WHAT IS REQUIRED
Give back the full data character for character.

[ENTRIES SUPPLIED Boundary: Start]

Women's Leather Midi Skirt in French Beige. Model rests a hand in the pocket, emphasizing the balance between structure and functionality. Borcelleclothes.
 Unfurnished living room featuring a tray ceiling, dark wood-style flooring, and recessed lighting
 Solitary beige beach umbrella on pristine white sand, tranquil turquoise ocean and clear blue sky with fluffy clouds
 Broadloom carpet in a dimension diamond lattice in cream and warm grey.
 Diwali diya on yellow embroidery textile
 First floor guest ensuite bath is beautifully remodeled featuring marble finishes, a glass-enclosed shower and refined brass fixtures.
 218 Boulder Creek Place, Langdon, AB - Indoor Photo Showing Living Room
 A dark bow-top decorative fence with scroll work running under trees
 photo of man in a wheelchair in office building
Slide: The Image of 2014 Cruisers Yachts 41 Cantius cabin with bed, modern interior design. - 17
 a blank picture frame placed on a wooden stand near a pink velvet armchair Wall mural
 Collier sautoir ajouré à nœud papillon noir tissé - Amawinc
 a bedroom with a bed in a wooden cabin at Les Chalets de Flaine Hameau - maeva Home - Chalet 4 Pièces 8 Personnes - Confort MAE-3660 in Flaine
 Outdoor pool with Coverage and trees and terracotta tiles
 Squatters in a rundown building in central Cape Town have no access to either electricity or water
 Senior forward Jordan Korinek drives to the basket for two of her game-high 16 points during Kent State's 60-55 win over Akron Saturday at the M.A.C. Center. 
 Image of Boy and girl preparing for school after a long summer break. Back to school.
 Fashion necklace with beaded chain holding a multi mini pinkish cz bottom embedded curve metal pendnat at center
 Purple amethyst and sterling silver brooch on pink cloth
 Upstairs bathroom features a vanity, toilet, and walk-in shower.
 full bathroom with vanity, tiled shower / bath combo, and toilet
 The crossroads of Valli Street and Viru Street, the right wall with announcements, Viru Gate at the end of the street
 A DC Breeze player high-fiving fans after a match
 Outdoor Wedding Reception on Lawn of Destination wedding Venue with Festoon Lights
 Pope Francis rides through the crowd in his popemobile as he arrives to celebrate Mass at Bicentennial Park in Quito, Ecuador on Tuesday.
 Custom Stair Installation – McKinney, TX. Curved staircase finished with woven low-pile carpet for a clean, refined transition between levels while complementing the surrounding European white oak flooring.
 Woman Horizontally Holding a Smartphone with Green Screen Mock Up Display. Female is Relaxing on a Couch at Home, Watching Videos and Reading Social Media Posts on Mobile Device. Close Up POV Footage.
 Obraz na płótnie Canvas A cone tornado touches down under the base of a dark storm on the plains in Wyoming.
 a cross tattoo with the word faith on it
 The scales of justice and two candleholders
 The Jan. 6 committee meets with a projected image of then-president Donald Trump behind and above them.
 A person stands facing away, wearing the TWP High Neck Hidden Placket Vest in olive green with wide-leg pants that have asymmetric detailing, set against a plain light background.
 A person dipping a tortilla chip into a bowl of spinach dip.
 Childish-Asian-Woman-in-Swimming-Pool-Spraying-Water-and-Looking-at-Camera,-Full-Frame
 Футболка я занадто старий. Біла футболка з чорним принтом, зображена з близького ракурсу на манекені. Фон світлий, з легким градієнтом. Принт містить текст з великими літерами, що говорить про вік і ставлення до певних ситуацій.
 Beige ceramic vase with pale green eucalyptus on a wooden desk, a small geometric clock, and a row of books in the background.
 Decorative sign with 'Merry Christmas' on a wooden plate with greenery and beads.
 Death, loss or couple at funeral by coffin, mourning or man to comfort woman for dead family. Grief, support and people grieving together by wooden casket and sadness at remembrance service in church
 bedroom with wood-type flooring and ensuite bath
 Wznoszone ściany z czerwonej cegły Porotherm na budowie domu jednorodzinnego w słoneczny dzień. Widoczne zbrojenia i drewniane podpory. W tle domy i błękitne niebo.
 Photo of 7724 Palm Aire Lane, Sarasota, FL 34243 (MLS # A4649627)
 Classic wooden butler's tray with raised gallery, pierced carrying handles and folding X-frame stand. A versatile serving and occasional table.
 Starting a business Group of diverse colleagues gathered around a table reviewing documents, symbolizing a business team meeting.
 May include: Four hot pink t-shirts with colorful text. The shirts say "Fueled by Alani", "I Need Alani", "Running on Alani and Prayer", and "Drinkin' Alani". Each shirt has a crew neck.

[ENTRIES SUPPLIED Boundary: End]

RESPONSE AREA
Women's Leather Midi Skirt in French Beige. Model rests a hand in the pocket, emphasizing the balance between structure and functionality. Borcelleclothes.
 Unfurnished living room featuring a tray ceiling, dark wood-style flooring, and recessed lighting
 Solitary beige beach umbrella on pristine white sand, tranquil turquoise ocean and clear blue sky with fluffy clouds
 Broadloom carpet in a dimension diamond lattice in cream and warm grey.
 Diwali diya on yellow embroidery textile
 First floor guest ensuite bath is beautifully remodeled featuring marble finishes, a glass-enclosed shower and refined brass fixtures.
 218 Boulder Creek Place, Langdon, AB - Indoor Photo Showing Living Room
 A dark bow-top decorative fence with scroll work running under trees
 photo of man in a wheelchair in office building
Slide: The Image of 2014 Cruisers Yachts 41 Cantius cabin with bed, modern interior design. - 17
 a blank picture frame placed on a wooden stand near a pink velvet armchair Wall mural
 Collier sautoir ajouré à nœud papillon noir tissé - Amawinc
 a bedroom with a bed in a wooden cabin at Les Chalets de Flaine Hameau - maeva Home - Chalet 4 Pièces 8 Personnes - Confort MAE-3660 in Flaine
 Outdoor pool with Coverage and trees and terracotta tiles
 Squatters in a rundown building in central Cape Town have no access to either electricity or water
 Senior forward Jordan Korinek drives to the basket for two of her game-high 16 points during Kent State's 60-55 win over Akron Saturday at the M.A.C. Center. 
 Image of Boy and girl preparing for school after a long summer break. Back to school.
 Fashion necklace with beaded chain holding a multi mini pinkish cz bottom embedded curve metal pendnat at center
 Purple amethyst and sterling silver brooch on pink cloth
 Upstairs bathroom features a vanity, toilet, and walk-in shower.
 full bathroom with vanity, tiled shower / bath combo, and toilet
 The crossroads of Valli Street and Viru Street, the right wall with announcements, Viru Gate at the end of the street
 A DC Breeze player high-fiving fans after a match
 Outdoor Wedding Reception on Lawn of Destination wedding Venue with Festoon Lights
 Pope Francis rides through the crowd in his popemobile as he arrives to celebrate Mass at Bicentennial Park in Quito, Ecuador on Tuesday.
 Custom Stair Installation – McKinney, TX. Curved staircase finished with woven low-pile carpet for a clean, refined transition between levels while complementing the surrounding European white oak flooring.
 Woman Horizontally Holding a Smartphone with Green Screen Mock Up Display. Female is Relaxing on a Couch at Home, Watching Videos and Reading Social Media Posts on Mobile Device. Close Up POV Footage.
 Obraz na płótnie Canvas A cone tornado touches down under the base of a dark storm on the plains in Wyoming.
 a cross tattoo with the word faith on it
 The scales of justice and two candleholders
 The Jan. 6 committee meets with a projected image of then-president Donald Trump behind and above them.
 A person stands facing away, wearing the TWP High Neck Hidden Placket Vest in olive green with wide-leg pants that have asymmetric detailing, set against a plain light background.
 A person dipping a tortilla chip into a bowl of spinach dip.
 Childish-Asian-Woman-in-Swimming-Pool-Spraying-Water-and-Looking-at-Camera,-Full-Frame
 Футболка я занадто старий. Біла футболка з чорним принтом, зображена з близького ракурсу на манекені. Фон світлий, з легким градієнтом. Принт містить текст з великими літерами, що говорить про вік і ставлення до певних ситуацій.
 Beige ceramic vase with pale green eucalyptus on a wooden desk, a small geometric clock, and a row of books in the background.
 Decorative sign with 'Merry Christmas' on a wooden plate with greenery and beads.
 Death, loss or couple at funeral by coffin, mourning or man to comfort woman for dead family. Grief, support and people grieving together by wooden casket and sadness at remembrance service in church
 bedroom with wood-type flooring and ensuite bath
 Wznoszone ściany z czerwonej cegły Porotherm na budowie domu jednorodzinnego w słoneczny dzień. Widoczne zbrojenia i drewniane podpory. W tle domy i błękitne niebo.
 Photo of 7724 Palm Aire Lane, Sarasota, FL 34243 (MLS # A4649627)
 Classic wooden butler's tray with raised gallery, pierced carrying handles and folding X-frame stand. A versatile serving and occasional table.
 Starting a business Group of diverse colleagues gathered around a table reviewing documents, symbolizing a business team meeting.
 May include: Four hot pink t-shirts with colorful text. The shirts say "Fueled by Alani", "I Need Alani", "Running on Alani and Prayer", and "Drinkin' Alani". Each shirt has a crew neck.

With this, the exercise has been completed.